Par la lande et l'ajonc,
Gardeuse de dindons,
Elle allait en balançant sa cotte,
Pointue comme un chardon,
Grêlée comme un poêlon,
Ceux d'ici l'appelaient la Roussotte
Son vrai nom,
Sa maison,
Ses pensées, de pauvre sauvageonne,
Ses bonheurs,
Ses douleurs,
Qui l'ai sut, qui l'ait compris ? Personne
Vint un jour de printemps,
Où la chétive enfant,
Comme éclate un bourgeon d'aubépine,
Vint à s'épanouir,
Divinement fleurir
Elle fut désormais , la Rouquine
Ses désirs,
Ses soupirs,
Les émois de sa poitrine ronde,
Ses ardeurs,
Ses langueurs,
Qui l'ait sut, qui l'ai pris ? Tout le monde.
Sous l'églantier amer,
Au vent noir de l'hiver,
Que son souffle maudit nous emporte !
On la trouva gisante,
Inondée de son sang,
Oh ! Vous tous, notre Rouquine est morte
Corps si blanc,
Corps charmant,
Sur la langue où Satan vagabonde,
Qui t'as tuée,
T'as navrée ?
Le vent noir a sifflé : "Tout le monde ! "

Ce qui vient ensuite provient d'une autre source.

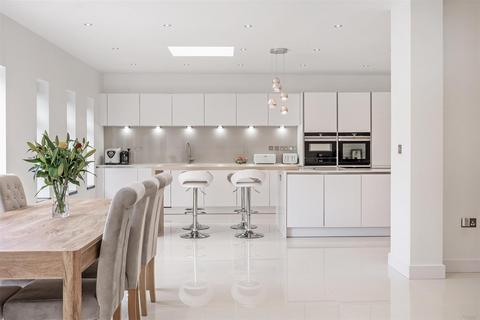 undefined, Silhill Hall Road, Solihull, B91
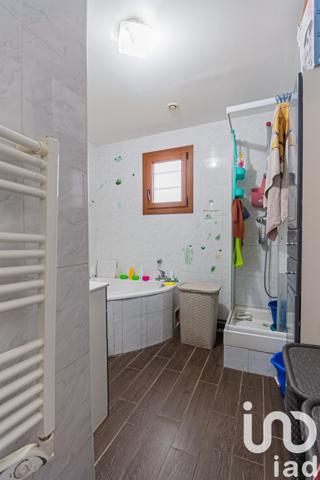 Maison 5 pièces de 91 m² à Saint-Pierre-lès-Nemours (77140)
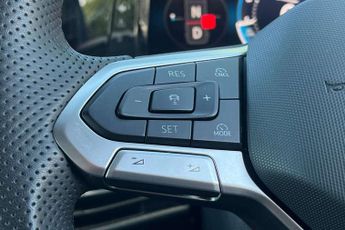 Volkswagen Golf 1.5 eTSI 150 R-Line 5dr DSG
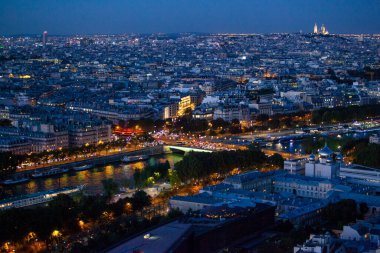 Eyfel Kulesi 'nden Paris gece manzarası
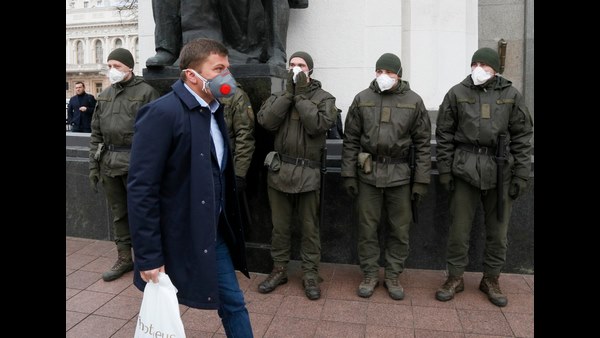 ಸ್ವದೇಶಕ್ಕೆ ಹೊರಟು ನಿಂತವರ ಏರ್ ಟಿಕೆಟ್ ರದ್ದು 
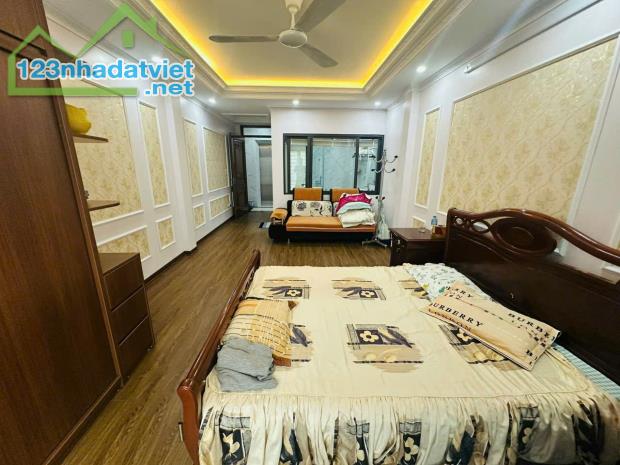 CHO THUÊ NHÀ ĐẸP 40m2 TẠI ĐƯỜNG NGUYỄN NGỌC NẠI, KHƯƠNG MAI, THANH XUÂN, HÀ NỘI - 2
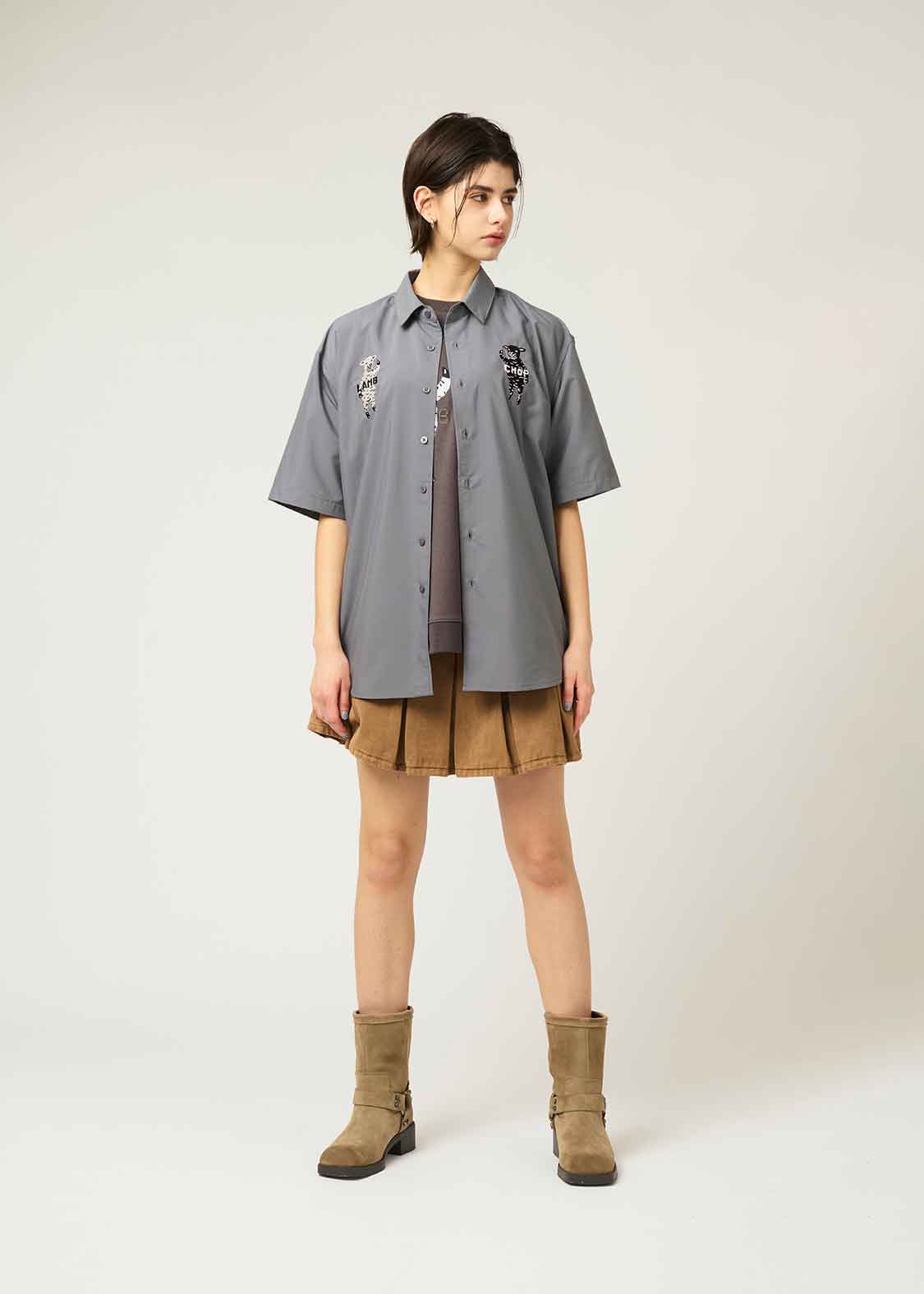 Embroidery Loose Fit Short Sleeve Shirt (Lamb Chop Friends)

Quand revint le printemps,
Un tendre rosier blanc,
A fleuri, radieux, sur sa tombe,
Et la voix de l'enfant,
Dans son parfum errant,
A frémi comme un vol de colombe
Je passais,
Je m'en vais,
Au pays où le cœur s'abandonne,
Oubliez,
Vous rêviez,
Mon vrai nom,
Je vous le dis : "Personne"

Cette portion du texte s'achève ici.